About this task ▸ Your answer should hold only the lines from the start of the data below through the line with "Shine-N-Glitz Floral Fantasy Dreamy Earrings", copied exactly, with pictures left out.

Data below ▸
-=-=-
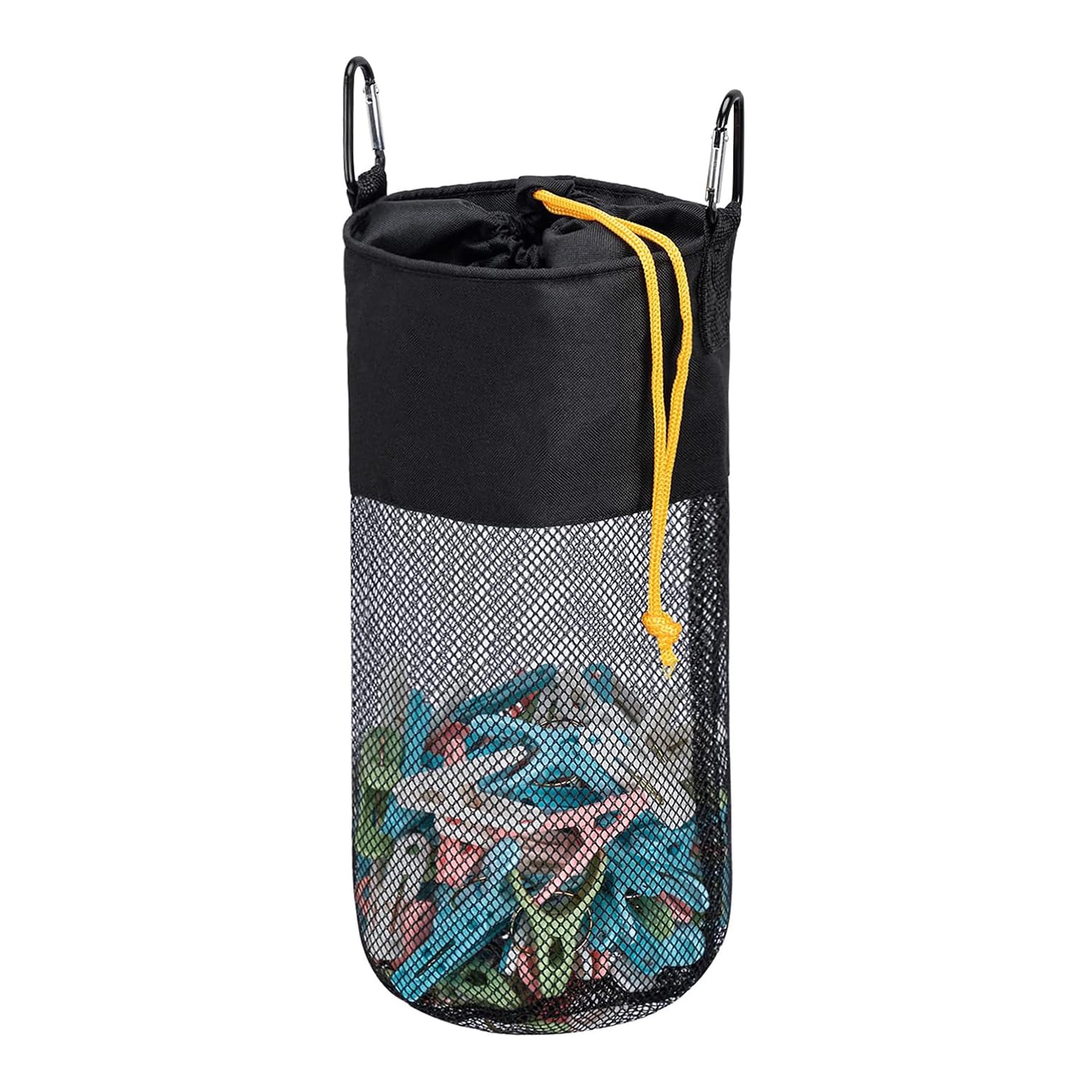 GNEGNI LIFE Pegs Bag, Mesh Large-Capacity Clothes Pegs Bag with Hook Drawstring Hanging Clothespin Bag Portable Resistant Clothes Pegs Holder Bag for Storing Clothes Peg, Socks and Toys (Black)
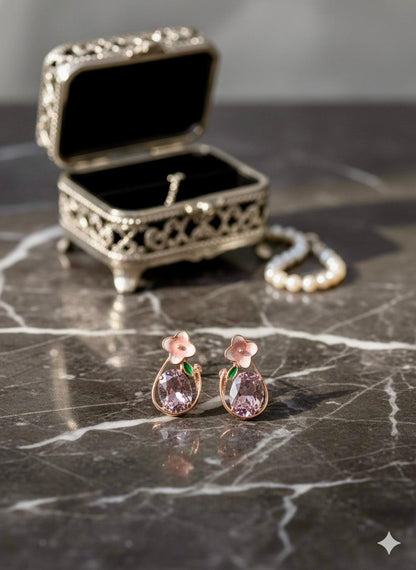 Shine-N-Glitz Floral Fantasy Dreamy Earrings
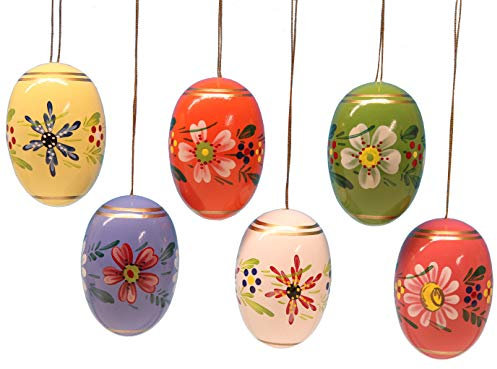 6 Ostereier mit Blumen, 55 mm, handbemalt - 224/020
-=-=-
The answer ▸
 GNEGNI LIFE Pegs Bag, Mesh Large-Capacity Clothes Pegs Bag with Hook Drawstring Hanging Clothespin Bag Portable Resistant Clothes Pegs Holder Bag for Storing Clothes Peg, Socks and Toys (Black)
 Shine-N-Glitz Floral Fantasy Dreamy Earrings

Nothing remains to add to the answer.